I am mentally going back in time to 4:00 today when I thought that yes in deed I can do it all and I can do it without stress. That was all before tonight's 30 minute long and very frustrating attempt at trying to access Caroline's online Spanish textbook. How can something that is supposed to be easy, be so frustrating?
We have had a few hiccups in this settling into fall, but things seem to be settling down. Caroline had a difficult time getting the hang of high school. Tonight was the first time that I got to hear her normally dry commentary on school life. Up until now, it has been mostly tears and worry. Her boyfriend of almost 11 months texted her (AT 10:00 WHEN WE WERE GETTING READY FOR BED) on Monday to break up with her. She has handled this so much better than I would have at her age. We have raised a seriously strong kid. It never ceases to surprise me how my daughters' struggles bring up my own dirty laundry and sad memories of bygone times. Her first break up reminded me of mine. It really is a funny story in the lines of "this could only happen to me."

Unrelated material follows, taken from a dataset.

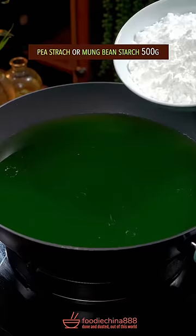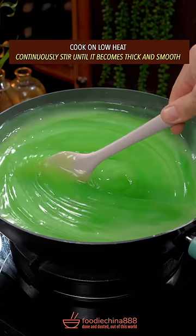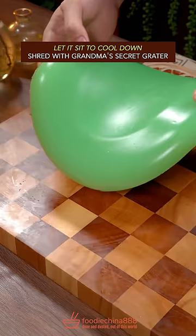Transfer to a pot. Add clean water and pea starch or mung bean starch. Cook on low heat, continuously stirring until it becomes thick and smooth. Let it sit to cool down.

I was on the phone with him and he got called to the front door. He set down the phone and when he stepped away, his mother took the opportunity to get on the phone and tell me that he wanted to break up, but didn't know how to tell me. I started crying and my mother walked in the room to hear me gulp out "Mrs. _________, I think that I need to get off the phone." My mother dropped what she was carrying and used her skills as a high school hurdler to leap over the coach in one bound while shouting "Mrs. ______? Give me that goddamn phone!" I hung up the phone before my mother could claw through the line to this woman. At the time, it felt like my world would end. Now this is what I remember: my step-father sitting up with me most of the night rubbing my back, his wise declaration that this would end up being a very small memory across my entire life, my very best friend (who is now an awesome dad to his own teen daughter) taking me to see Who Framed Roger Rabbit? that weekend, and always the amazing demonstration of maternal love and strength that my mother showed. Once she was done being so angry, she cried as hard as me. Not because she liked this boy, but because someone had caused her child pain.
This week, I didn't leap over any couches or cry. I did use some inappropriate words to describe this boy's manhood. I also curled up in my bed with my baby (who is taller than me) and her dog to tell her my story and watch her smile just a little. Even when she is a 40 year old grown up woman and I am a tired 67, I will still be willing to leap couches and embarrass myself all to help mend her heart and make her smile. I don't think that I will ever reach the point where I feel like I have given either of them enough. I would give them every ounce of myself if I could.